The Main Street Market may be getting an overhaul early next year, with a new floor plan and design to better accommodate the weekend and lunchtime crowds.
The market, which opened 10 years ago, has been redesigned by Commercial Design Interiors Group and a team of LSU students after the state and BREADA, which operates the market, realized how much wear and tear the space had gone through, said Copper Alvarez, director of the Big River Economic and Agricultural Alliance.
The market also wasn’t originally designed to suit the way the public uses the space, making it ripe for a revamp. Alvarez, who was speaking to the Downtown Development District on Tuesday, said the discussion was initiated by the Office of State Buildings, which will oversee the project because the market is in a portion of the Galvez parking garage along Main Street.
Alvarez said the cost of the project has not been determined, though it will be funded by BREADA and the OSB. Further details on implementing the design will be ironed out later this year, she said.
Matthew Edmonds, who owns Commercial Design with partner Tracy Burns, said the key goal of the new design was to make the space more functional and improve the appearance.
Edmonds and Burns, who are also instructors at LSU, persuaded the state to allow three students of LSU’s College of Art and Design to participate in the process. The college will present the plan at 6 p.m. Tuesday at the College of Art and Design’s atrium on the LSU campus.
From a functional standpoint, the plan calls for the market to include more bathrooms, and the eastern edge, where the permanent vendors are now, will be made entirely retail, freeing up more space along the western edge where the “batting cage-style” slots were for tables, mobile kiosks and people walking around. The team eliminated the problem of lines forming perpendicular to the food vendors and blocking the pathway by using rope lines to make lines form back-and-forth in front.
An outline representing the Mississippi River from an 1800s map will stretch the length of the market on the floor, delineating which side is for use of the vendors and which side is for people circulating and sitting.
“The core concept came from the river itself,” Edmonds said.
Larger seating arrangements will be on the ends, with smaller ones in the middle, across from the vendors.
The space will be flexible to accommodate the different ways the market is used throughout the week.
“These (students) have been out there in the morning, in the afternoon and on the weekends and really saw what were the strengths of the space, what were its weaknesses and use that as a road map to come up with their approach to the redesign,” he said.
Aesthetically, the counter design of the vendor’s storefronts will look like crates to convey the sense of a traditional market.

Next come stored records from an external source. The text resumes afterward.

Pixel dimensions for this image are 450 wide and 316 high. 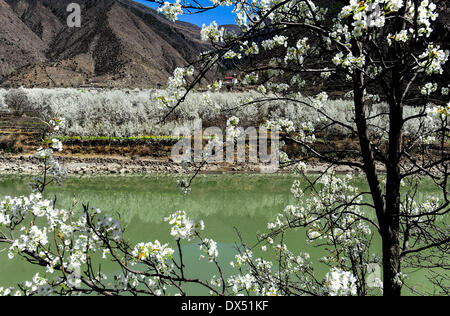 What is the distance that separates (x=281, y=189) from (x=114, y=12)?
102 metres

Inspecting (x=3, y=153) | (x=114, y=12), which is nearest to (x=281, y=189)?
(x=3, y=153)

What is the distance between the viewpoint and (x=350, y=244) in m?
3.16

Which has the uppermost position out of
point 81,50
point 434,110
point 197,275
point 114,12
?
point 114,12

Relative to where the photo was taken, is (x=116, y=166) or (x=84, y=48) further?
(x=84, y=48)

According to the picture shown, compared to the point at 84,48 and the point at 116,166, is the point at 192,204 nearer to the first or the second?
the point at 116,166

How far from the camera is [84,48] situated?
7519 cm

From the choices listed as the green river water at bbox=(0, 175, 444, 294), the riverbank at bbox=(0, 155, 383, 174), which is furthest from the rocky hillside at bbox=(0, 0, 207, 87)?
the green river water at bbox=(0, 175, 444, 294)

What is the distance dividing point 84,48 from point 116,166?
69112 millimetres

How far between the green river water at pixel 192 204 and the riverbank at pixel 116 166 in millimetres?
1154

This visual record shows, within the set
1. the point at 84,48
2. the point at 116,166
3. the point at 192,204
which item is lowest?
the point at 192,204

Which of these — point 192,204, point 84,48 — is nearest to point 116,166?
point 192,204

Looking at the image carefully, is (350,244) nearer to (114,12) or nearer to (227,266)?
(227,266)

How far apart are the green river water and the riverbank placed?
1154 mm

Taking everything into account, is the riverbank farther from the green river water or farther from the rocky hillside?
the rocky hillside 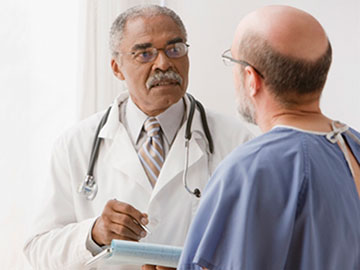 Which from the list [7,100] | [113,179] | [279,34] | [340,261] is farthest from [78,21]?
[340,261]

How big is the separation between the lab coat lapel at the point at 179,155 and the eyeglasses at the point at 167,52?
21 cm

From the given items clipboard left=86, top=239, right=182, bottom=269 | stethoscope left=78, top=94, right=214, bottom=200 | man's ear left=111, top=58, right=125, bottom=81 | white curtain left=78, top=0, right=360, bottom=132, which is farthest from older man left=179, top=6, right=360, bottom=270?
white curtain left=78, top=0, right=360, bottom=132

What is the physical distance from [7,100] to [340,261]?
1578 mm

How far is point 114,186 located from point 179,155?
0.23 metres

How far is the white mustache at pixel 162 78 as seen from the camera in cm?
204

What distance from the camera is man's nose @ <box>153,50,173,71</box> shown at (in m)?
2.04

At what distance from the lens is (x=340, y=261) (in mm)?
1214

Portable kiosks that look like carts will help conserve space and increase flexibility. Light blue acoustic panels will create the illusion of sky overhead, absorbing sound and capturing the light from the western windows. One end of the market will include a sculpture representing the red stick denoting Baton Rouge.
Edmonds said it was important to have the design create a better-looking space during times when the vendors are shut down.
“When it’s closed, it’s not aesthetically pleasing enough,” he said.
On the exterior, the design calls for a metal canopy that matches the art deco-style of the building and the awnings will feature the market’s logo, an illustration of baskets of produce and a rising sun.